Special purpose acquisition companies, or SPACs, made up most of the growth in the U.S. initial public offering (IPO) market last year. In 2020, SPACs raised $79.9 billion in gross proceeds, topping the 2019 record of $13.6 billion, according to Nasdaq.
There is even a SPAC focused on acquiring firms in the wealth management space, guided in part by Larry Roth, former CEO of broker/dealer Cetera and a long-tenured executive in the financial advisory industry.
However, SPACs have also received a fair amount of bad press, with many pointing to subpar returns for investors.
WealthManagement.com spoke with Morgan Creek Capital Management’s Mark Yusko to get a more rounded picture.

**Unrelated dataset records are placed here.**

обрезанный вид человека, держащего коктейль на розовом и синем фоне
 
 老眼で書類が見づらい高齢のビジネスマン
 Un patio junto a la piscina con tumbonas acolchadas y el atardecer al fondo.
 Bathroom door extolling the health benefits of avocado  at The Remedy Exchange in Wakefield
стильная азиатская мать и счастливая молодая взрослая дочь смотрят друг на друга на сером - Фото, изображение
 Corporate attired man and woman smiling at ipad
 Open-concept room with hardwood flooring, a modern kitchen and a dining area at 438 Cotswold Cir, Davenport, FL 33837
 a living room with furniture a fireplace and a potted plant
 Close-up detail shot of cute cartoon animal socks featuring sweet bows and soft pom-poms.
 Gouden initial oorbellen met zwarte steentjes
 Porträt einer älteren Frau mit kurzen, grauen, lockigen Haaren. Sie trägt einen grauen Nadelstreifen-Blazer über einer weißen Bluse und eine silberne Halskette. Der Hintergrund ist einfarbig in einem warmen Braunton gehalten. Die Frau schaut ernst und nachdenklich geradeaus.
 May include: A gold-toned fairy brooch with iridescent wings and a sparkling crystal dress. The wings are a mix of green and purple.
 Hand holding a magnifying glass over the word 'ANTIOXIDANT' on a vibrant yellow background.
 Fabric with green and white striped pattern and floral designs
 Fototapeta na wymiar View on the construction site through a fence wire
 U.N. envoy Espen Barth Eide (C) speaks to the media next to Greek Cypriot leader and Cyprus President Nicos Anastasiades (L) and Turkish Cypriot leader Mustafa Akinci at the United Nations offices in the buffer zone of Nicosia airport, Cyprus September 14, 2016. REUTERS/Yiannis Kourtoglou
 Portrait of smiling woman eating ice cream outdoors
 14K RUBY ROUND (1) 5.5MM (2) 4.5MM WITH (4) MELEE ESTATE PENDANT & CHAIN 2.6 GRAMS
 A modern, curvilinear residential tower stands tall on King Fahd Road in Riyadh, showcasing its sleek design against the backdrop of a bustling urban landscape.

In January, Yusko's firm partnered with Exos Financial to launch the Morgan Creek-Exos SPAC Originated ETF (SPXZ).
WealthManagement.com: How do SPACs work?
Mark Yusko: SPACs are an alternative to a traditional IPO. SPACs were created decades ago to be blank-check companies. A sponsor group does an IPO to raise a pool of capital, then, tries to acquire a business.
In the early days, SPAC issuers were primarily financial backers looking to sell one of their underlying investments through the SPAC. Those didn't perform well. What performed well was when experienced managers sponsored a SPAC to acquire a company in their industry.
In 2015, the Securities and Exchange Commission changed the rules in recognition of this divergence, poor performance and the fact that half of them would raise money and couldn't consummate a deal.
The worst year was 2000 when 60% of SPACS couldn't close a deal. After the rule changes in 2015, that number fell to 20%, and last year, they all consummated a deal.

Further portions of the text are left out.